ACADIA PARISH — Earlier this month, the Acadia Parish Police Jury submitted a Legislative Cash Request, asking the state for help addressing critical infrastructure, maintenance, and security needs throughout the parish — all state-mandated responsibilities that fall on the parish.
Specifically, they're requesting assistance with expenses concerning the parish correctional facility, road maintenance, pipe replacements throughout the parish, and courthouse security.
"What I did and what the police jurors did," said Acadia Parish Police Jury President Beau Petitjean, "we came up with a list of things with the cost, and a breakdown on how it's going to affect the parish in a positive way to alleviate funding issues."
Petitjean describes these cash requests as a Hail Mary. If acquired, they may bolster whatever capital outlay funds may be awarded.
He says the police jury is taking inventory of parish expenses and cutting back where it makes sense, doing whatever they can to avoid raising taxes.

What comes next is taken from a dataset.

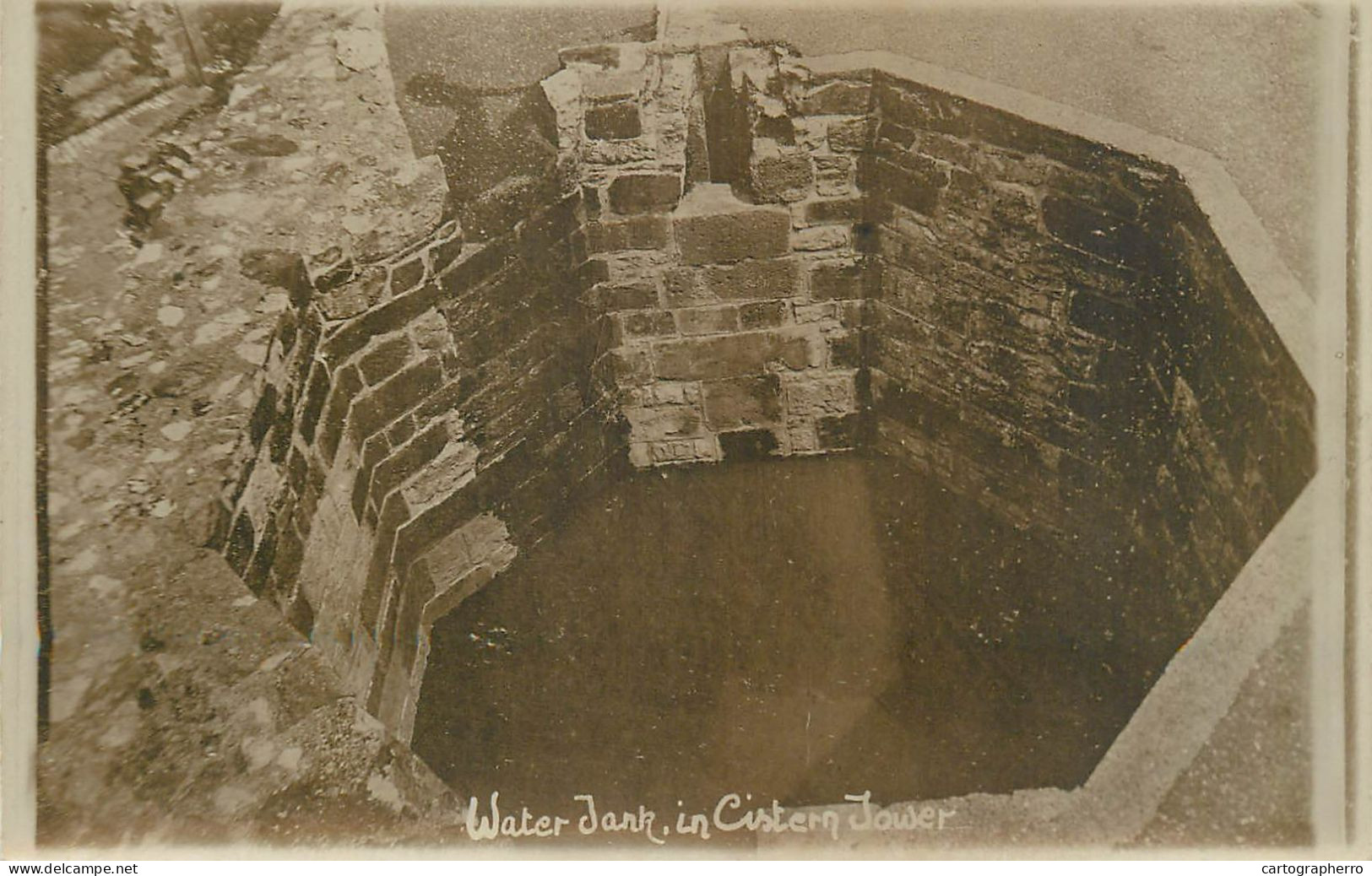 Cistern Tower To Identify - Zu Identifizieren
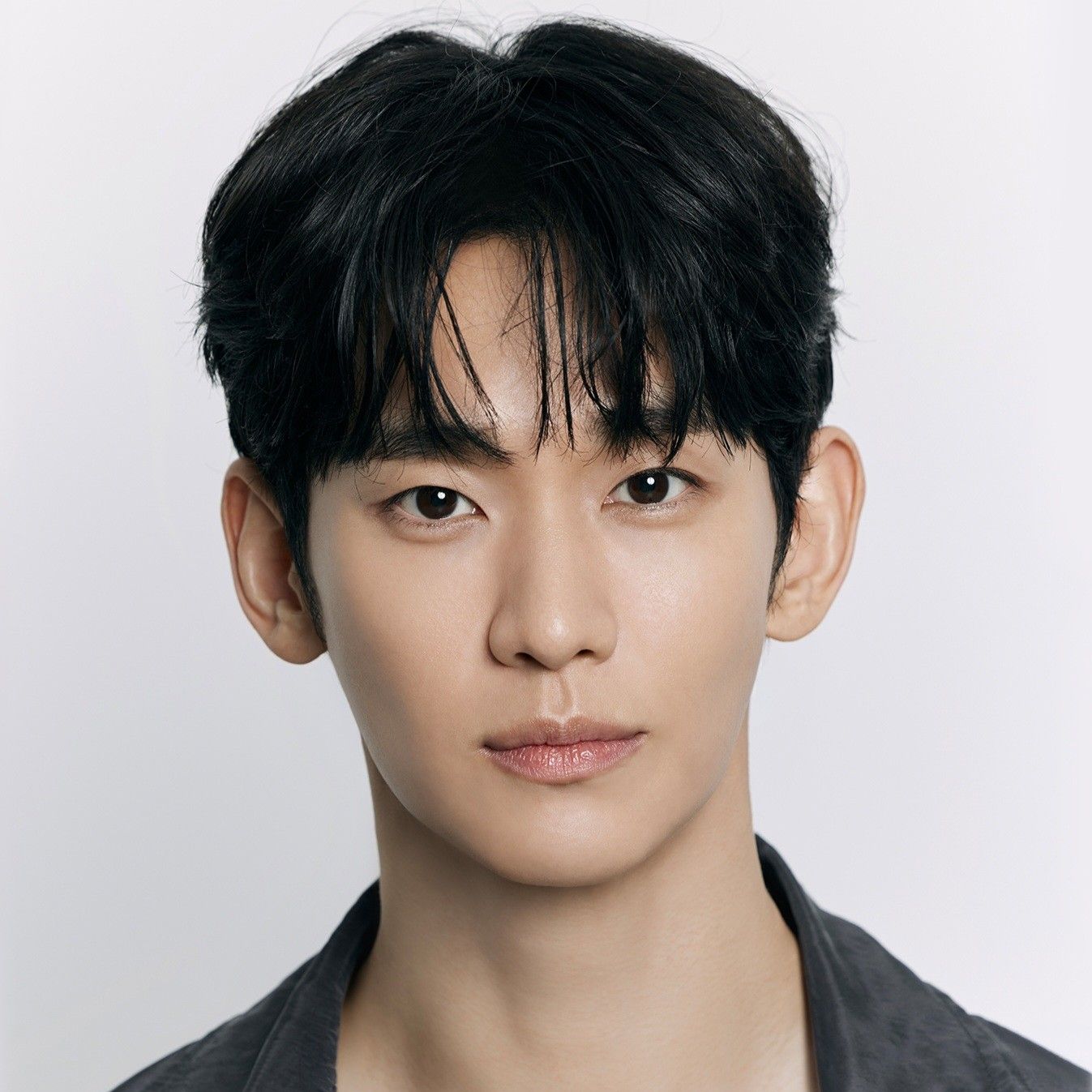 Behind-the-scenes cut of Kim Soohyun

He went on to say that it's been nearly half a century since taxes were raised in the area.
"40 years later, I'm in office and we're functioning, this whole parish, on a 40 or 50-year tax," Petitjean continues, "and the cost of a mile of a road went from 50 years ago, let's just say $150,000 a mile. It is a million dollars a mile to do a road."
He says the old taxes just aren't covering costs.
"It's our job as elected officials to try to figure out how to build new revenue. Just in Acadia Parish, we're doing it with solar, with methane, with renewable energy, but also make cuts that people want to see."
The parish says they are in no way planning to raise a tax at this time, saying that it would be their last resort.
Instead, they are finding new ways to bring in money— one way being to make the parish airport more profitable.
"So we're trying to build a fence to protect the runway, so that we could start landing planes, maybe selling some fuel, and he [Secretary-Treasurer Corey Vincent] is out there clearing a piece of where the fence is going to be. He's clearing a piece that we would have had to pay extra for the people that are coming to do the fence to clear that area."